(Provided data)

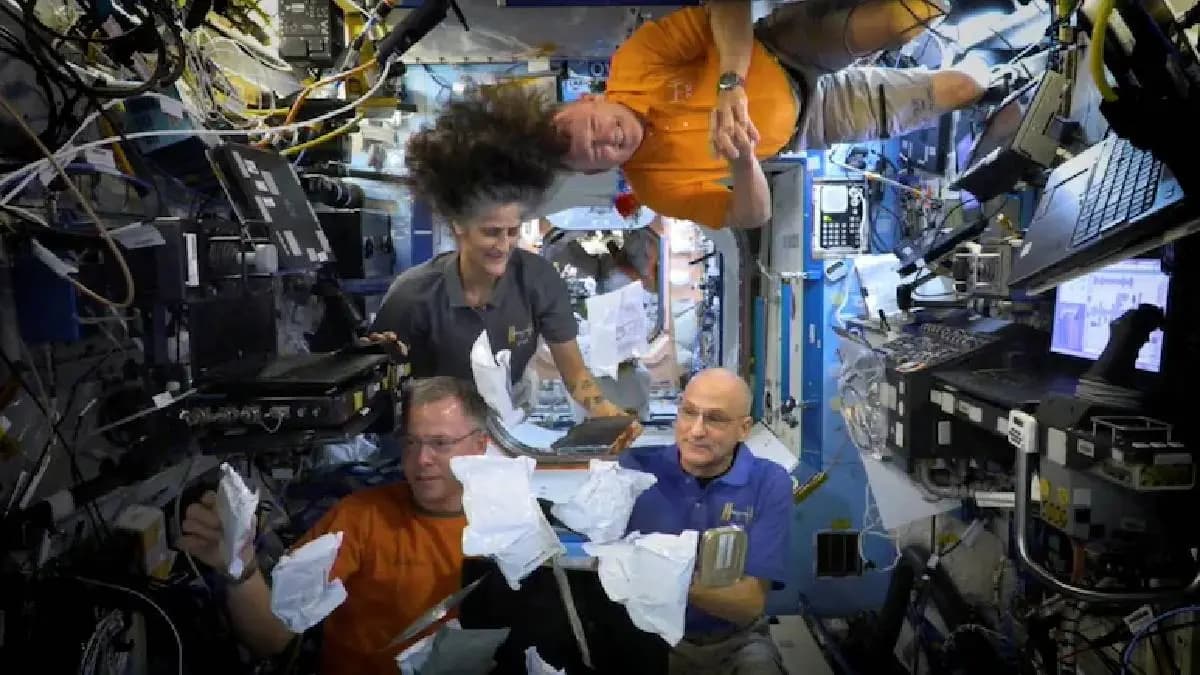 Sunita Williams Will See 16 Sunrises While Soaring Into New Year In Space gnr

(End Provided data)
(Provided data)

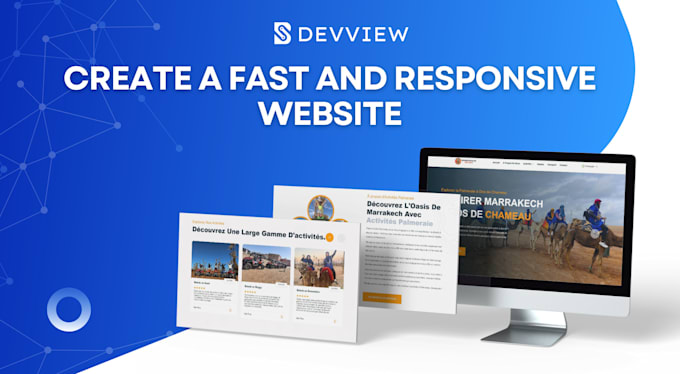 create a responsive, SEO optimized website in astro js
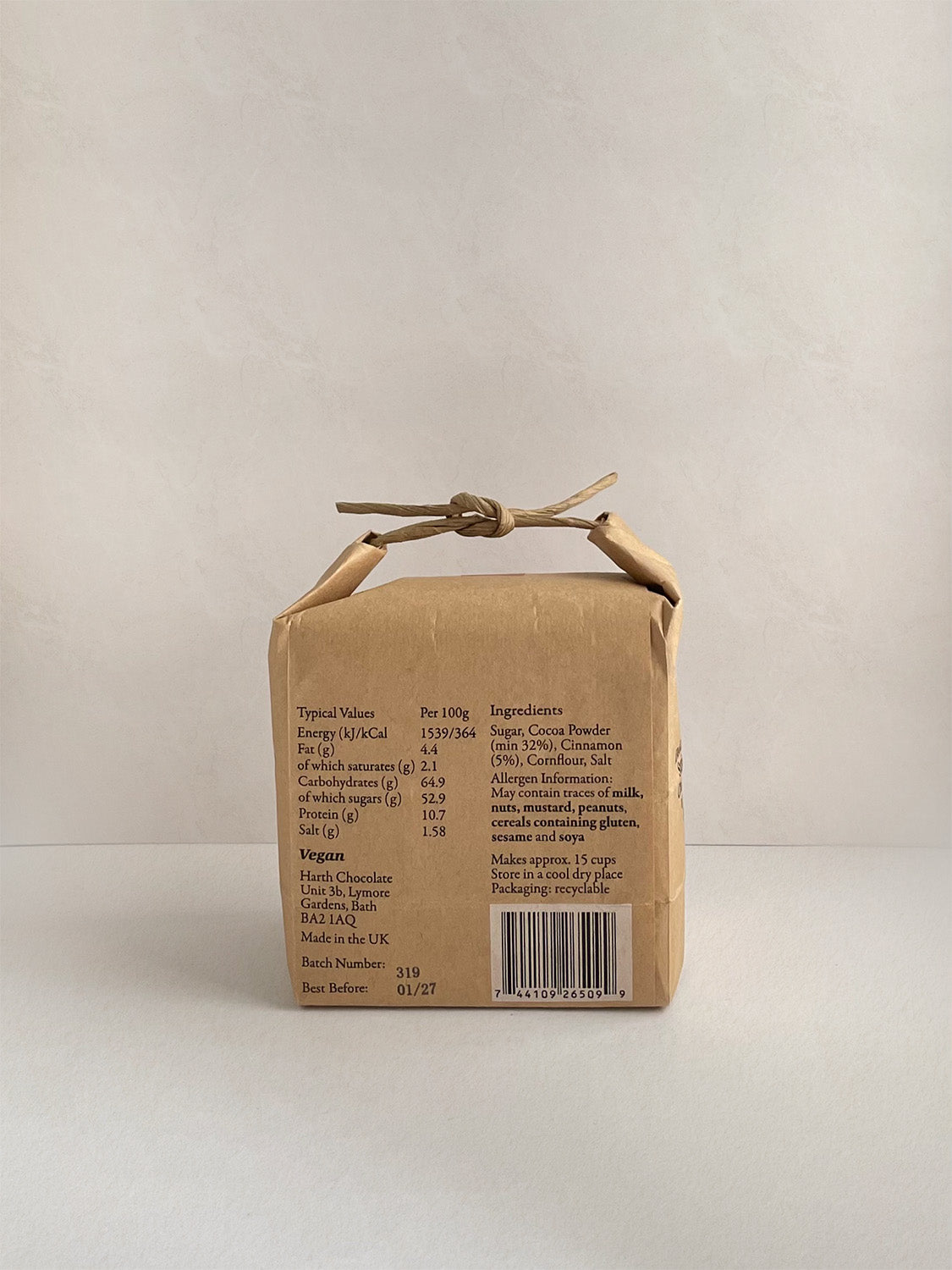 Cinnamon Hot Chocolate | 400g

(End Provided data)

Your task is to copy only the lines above starting at the one containing "create a responsive, SEO" and ending at the one containing "Cinnamon Hot Chocolate | 400g". Copy them exactly, both ends included, and omit the pictures.

Answer space >>
 create a responsive, SEO optimized website in astro js
 Cinnamon Hot Chocolate | 400g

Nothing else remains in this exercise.